In-Class Collaborative Debate Mapping, or How a Mathematician Teaches a Novel

I’m teaching my cryptography seminar again this fall. As a first-year writing seminar in mathematics, it’s an unusual course. It has some code-making and code-breaking, some pure mathematics, some history, some current events, and, yes, some writing instruction. And in case that wasn’t enough variety, I also teach a novel. I can promise you, that’s not something we covered in my grad seminar on teaching mathematics.

Little Brother, by Cory Doctorow, follows a teenage hacker, Marcus Yallow, as he and his hacker friends fight against increasingly aggressive surveillance by the Department of Homeland Security following a major act of terrorism. The novel is an engaging read, and it tackles one of the key questions we explore in the cryptography seminar: How should we balance security and privacy in a digital world?

That’s a tough question with a complex answer, one that’s part of our national discourse now, thanks to Edward Snowden. Learning to write about complex issues is one of the goals of the seminar. Monday’s class, in which we discussed the novel, featured an activity I’ve found useful for helping students make sense of the complex security vs. privacy debate, as a precursor to writing assignments on this theme later in the semester.

Before class, the students read and blogged about Little Brother. You can read their blog posts here. I kept the blog assignment open: “Briefly summarize and react to a passage in Little Brother that caught your attention.” I find that students react well to the novel, and I enjoy reading their observations. But this was just a warm-up for the in-class activity.

At the start of class, I asked students to work in groups of three to identify two pro-security arguments and two pro-privacy arguments made by characters in the novel. I distributed large Post-it notes (5″ x 7″) to the students along with a few markers. I asked the students to summarize the arguments they identified on the Post-it notes, with pro-security arguments on orange notes and pro-privacy arguments on magenta notes. Each Post-it note was to include the name of the character making the argument, along with the corresponding page number.

The students jumped right into this work, some groups moving more quickly than others to fill their Post-it notes, but all groups digging into the novel to find arguments on either side of the issue. The room got a little noisy at this point, with fifteen students all talking at once. During this time, I circulated among students, answering questions and making sure groups were staying on task. I was ready to help groups who were stuck, but none were.

That was phase one. For phase two, I had the groups take turns sharing an argument they identified with the class and posting it to the chalkboard. I asked students to place more practically focused arguments (“Is all this surveillance really catching terrorists?”) at one end of the board and more principled arguments (“It’s life, liberty, and the pursuit of happiness, in that order.”) at the other. I also asked them to connect their argument to one or more other arguments already on the board (this argument supports that one, this argument counters that one, and so on), drawing an arrow in chalk to represent those connections.

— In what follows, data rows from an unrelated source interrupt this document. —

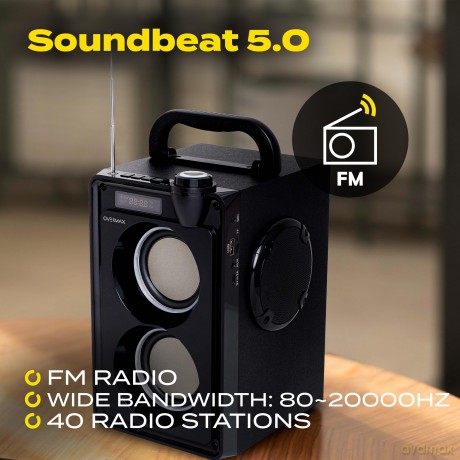 Głośnik bezprzewodowy SOUNDBEAT 5.0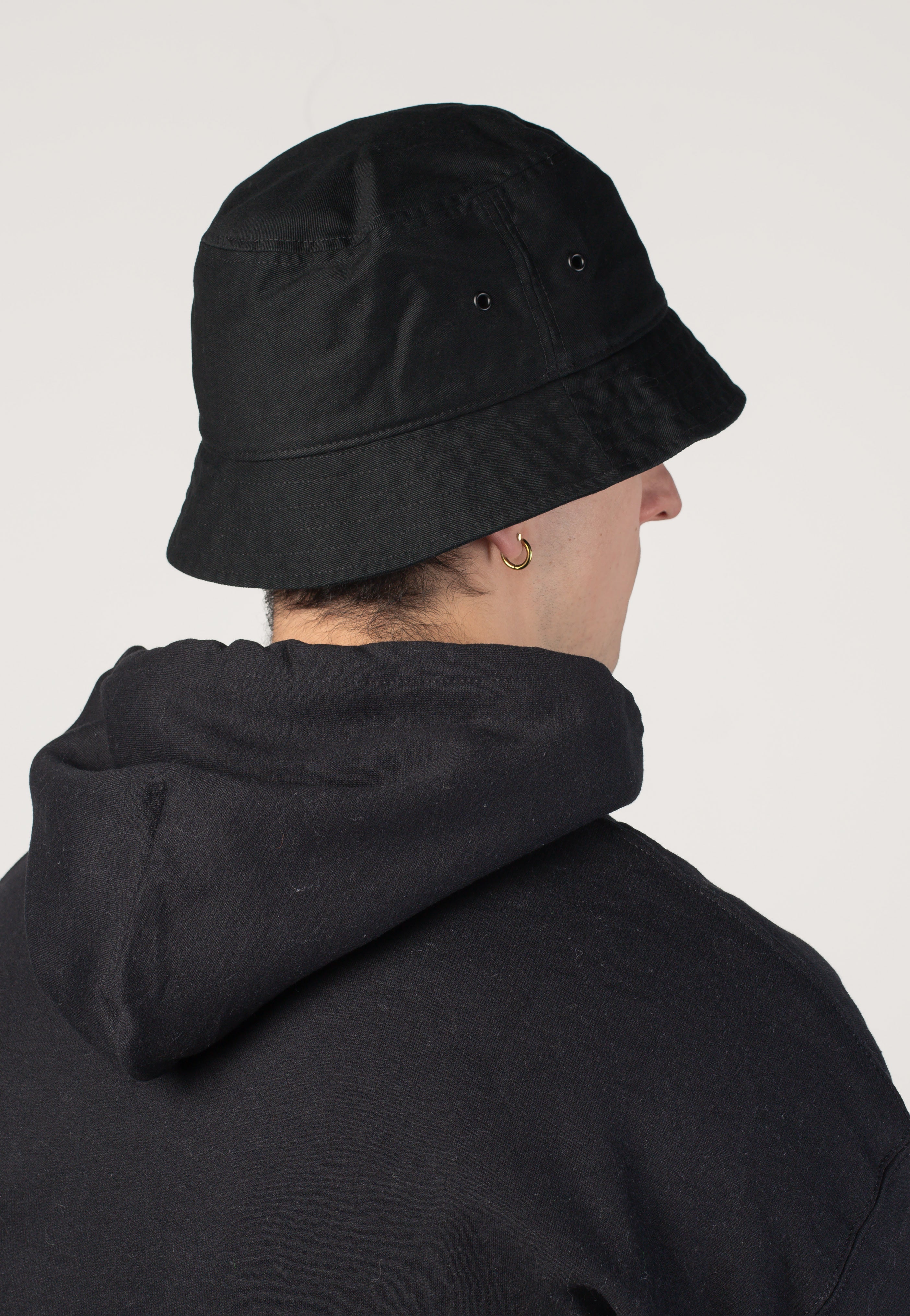 Carhartt WIP - Madison Logo Black/White - Bucket Hat | Neutral-Image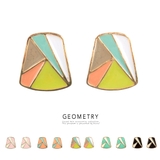 ピアス スタッドピアス 幾何学模様 | SOUBIEN | 詳細画像1 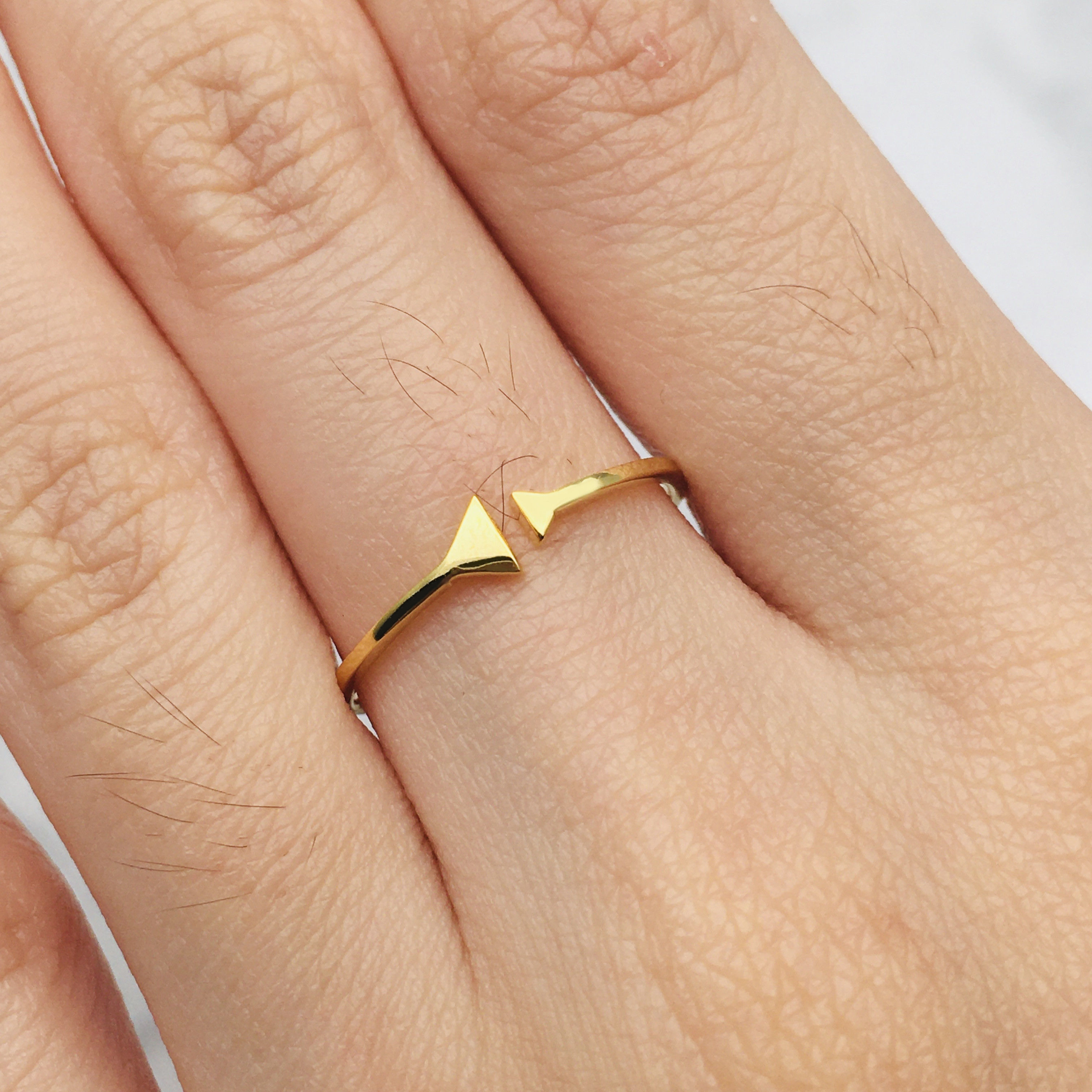 3DM Format Minimalist ring set 3D print model_2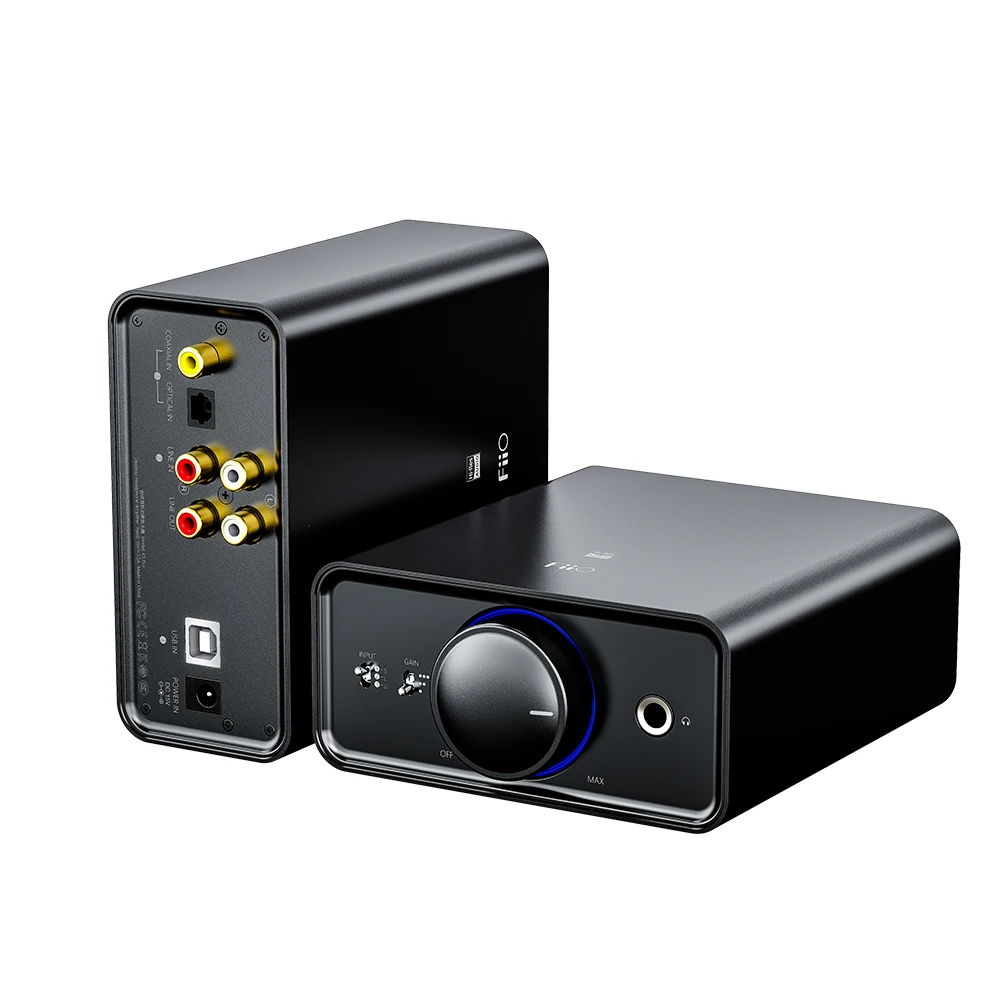 FiiO новейший K5 Pro AK4493EQ | 768K/32Bit и DSD декодирование Deskstop DAC усилитель для дома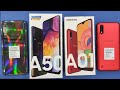 Samsung Galaxy A01 vs Samsung Galaxy A50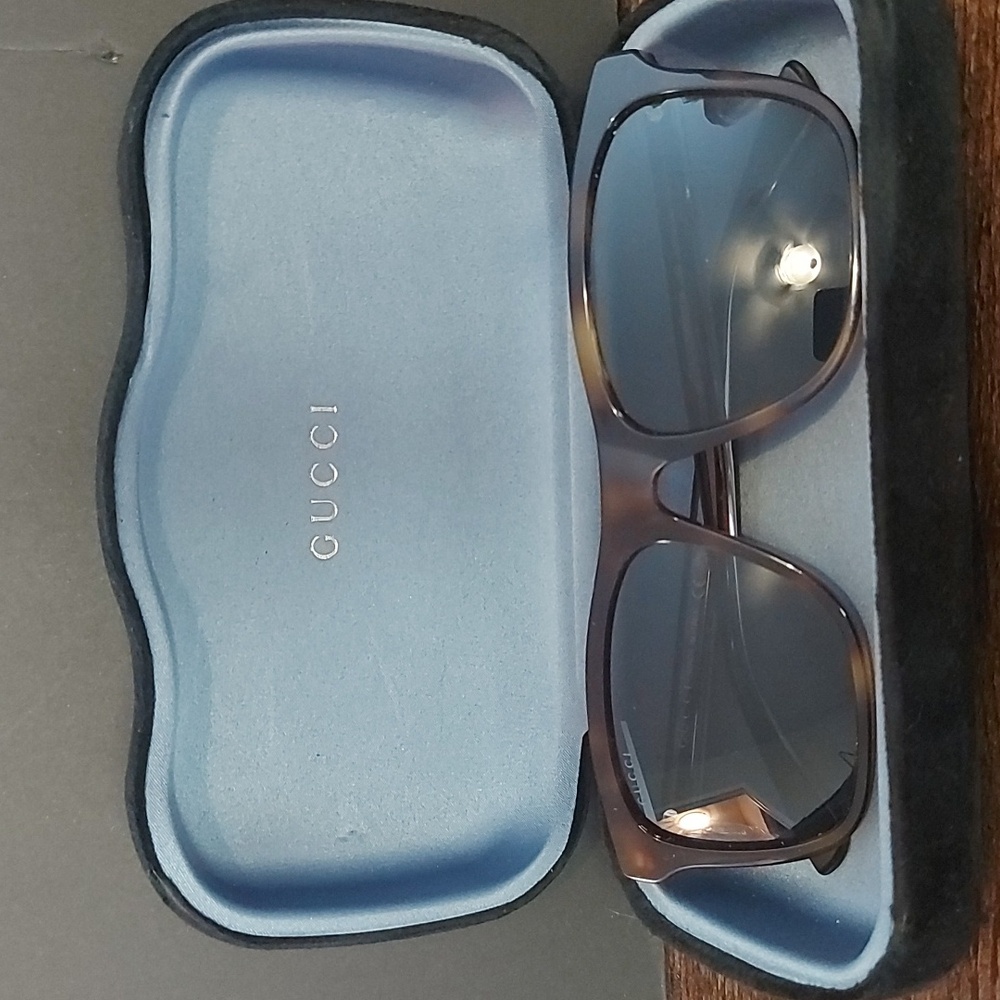 Gucci GG0381SN Brown Sunglasses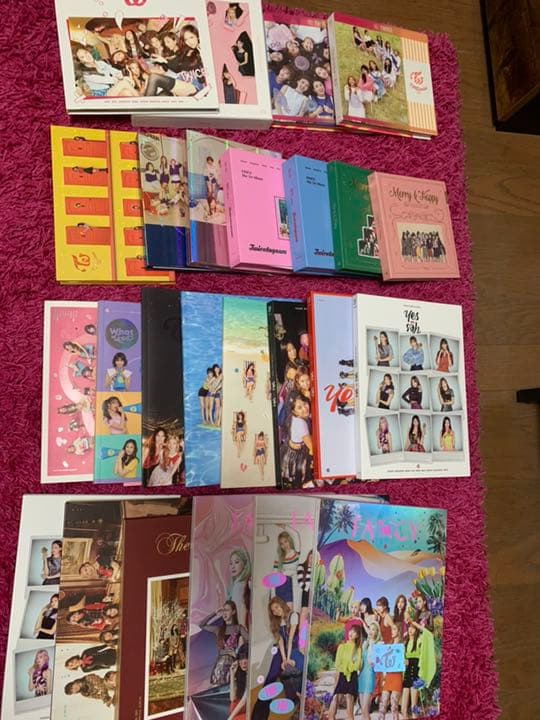 TWICE アルバム バラ売りOK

Groups made their contributions one at a time, with each group sending a representative to the board to place a Post-it note and summarize the argument it represented. The first couple of contributions were a bit hesitant, as it wasn’t entirely clear to students which arguments were more practical in nature and which were more about principles, nor was it clear how one argument might connect to another. I stepped in and made some suggestions (“That sounds like a fairly practical argument” or “Your argument seems to support this other argument”), and soon enough the students got the hang of it and were adding their arguments to the board in sensible ways.

Once every group had the opportunity to add a couple of arguments to the board, we moved on to phase three, in which we discussed as a class the debate map we had constructed.

Here’s what the finished debate map looked like:

Little Brother Debate Map 2015Click on the image for a better view. Pretty neat, huh?

What I like about this debate map activity is that it helps students see the complexity of the security-privacy question. During phase one, students identify a variety of arguments made in favor of one side or the other, and, during phase two, students work to identify relationships among those arguments. Arranging these ideas visually as a map keeps the students focused and helps them organize their own understanding of the debate. By the time we get to phase three, students are ready to evaluate the arguments and discuss which arguments they find most compelling. I’m targeting the higher levels of Bloom’s taxonomy here, the “analyze” and “evaluate” levels in particular, and helping students develop more robust knowledge organizations (see How Learning Works), and I think it works.

Having taught this first-year writing seminar a few times, I’ve learned that most of my students can argue one side in a debate, but many struggle to do so in a way that acknowledges the complexity of the debate. For instance, they have a hard time raising a potential objection to their argument and offering compelling counter-arguments to that objection. I think that this debate map activity prepares them to do that, by helping them see how arguments interact with each other. I’ll find out if I’m right later this semester, when my students tackle the security vs. privacy debate in a research-based argumentative essay.

The first time I led a debate map activity during class, it didn’t go nearly as well. For one thing, I didn’t connect the debate map to Little Brother. Instead, I asked students to identify potential pro-security and pro-privacy arguments based on their reading of a chapter in our “textbook,” Simon Singh’s The Code Book. The chapter dealt with the so-called “crypto wars” of the second half of the 20th century, in which the US government attempted to limit the use and export of tough encryption methods. The reading was, I think, a little abstract for the debate map activity. Little Brother provides an easier entry into the debate map, with its engaging plot and sympathetic characters.

The other significant change to my earlier debate map activity was going low-tech. The first time around, I had students construct the debate map in Prezi, which is a useful presentation tool and perhaps an even better mind mapping tool. Since Prezi allows for multiple editors on the same presentation, I had students make their contributions to a shared digital map as they worked in small groups. This got a little chaotic, with students adding arguments on top of each other and at very different scales. By switching to Post-it notes on a chalkboard, I was able to better control the timing of the activity, asking students to add arguments sequentially, not concurrently, and to help shape the structure of the debate map. As a result, when it was time to step back and evaluate the debate, the students weren’t trying to make heads or tails of the map. Instead, they already understood how it was put together.

I’ll add that naming the categories of arguments (practical vs. principled) in advance of the construction of the debate map was a new addition to this year’s version of the activity. Last year, those categories emerged organically from the map as we grouped similar types of arguments on the chalkboard. Since that time, I’ve found the two categories very useful for helping students think about these kinds of arguments, so I went ahead and named them for students in advance this time around. Doing so added some useful structure to the debate map.

I don’t know if my colleagues in the English department use debate maps to teach novels, but I’ve certainly found this a useful activity for this odd little seminar I teach. I think it would be useful in other contexts, too. If you’ve used a debate map in one of your courses, or if you have ideas for how you might use a debate map, I would love to hear about it.